Hamilton, however, did not rely upon argument alone. He arranged for news of the Virginia and New Hampshire conventions, and while Clinton, clinging to his demand for conditional ratification, still hesitated, word came from New Hampshire, by a system of horse expresses, telling the glad story that the requisite number of States had been secured. This reduced the question to ratification or secession. A few days later it was learned that Virginia had also joined the majority. The support of Patrick Henry had been a tower of strength to Governor Clinton, and his defeat exaggerated Clinton's fear that New York City and the southern counties which favoured the Constitution might now execute their threat to split off unless New York ratified. Then came Melancthon Smith's change to the federalist side. This was like crushing the centre of a hostile army. Finally, on July 28, a resolution "that the Constitution be ratified _in full confidence_ that the amendments proposed by this convention will be adopted," received a vote of thirty to twenty-seven. Governor Clinton did not vote, but it was known that he advised several of his friends to favour the resolution. On September 13, he officially proclaimed the Federal Constitution as the fundamental law of the Republic.

Posterity has never severely criticised George Clinton's opposition to national development.
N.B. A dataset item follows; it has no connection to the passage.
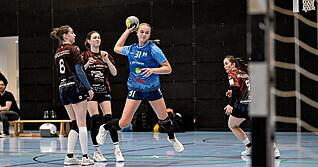 So schnell kann es gehen: F&uuml;r Finia Siegle geht es in den n&auml;chsten Wochen statt in der Regionalliga Baden-W&uuml;rttemberg in den Bundesliga-Playoffs zur Sache.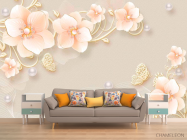 Фотообои 3Д Цветы - 1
His sincerity and patriotism have been accepted. To Washington and Hamilton, however, his conduct seemed like a cold and selfish desertion of his country at the moment of its utmost peril. "The men who oppose a strong and energetic government," wrote Washington to Hamilton on July 10, 1787, the day of Yates' and Lansing's retirement from the Philadelphia convention, "are, in my opinion, narrow-minded politicians, or are under the influence of local views." This reference to "local views" meant George Clinton, upon whose advice Yates and Lansing acted, and who declared unreservedly that only confusion could come to the country from a convention and a measure wholly unnecessary, since the Confederation, if given sufficient trial, would probably answer all the purposes of the Union.

The march of events has so clearly proved the wisdom of Hamilton and the unwisdom of Clinton, that the name of one, joined inseparably with that of Washington, has grown with the century, until it is as much a part of the history of the Union as the Constitution itself. The name of George Clinton, on the contrary, is little known beyond the limits of his native State. It remained for DeWitt Clinton, the Governor's distinguished nephew, to link the family with an historic enterprise which should bring it down through the ages with increasing respect and admiration.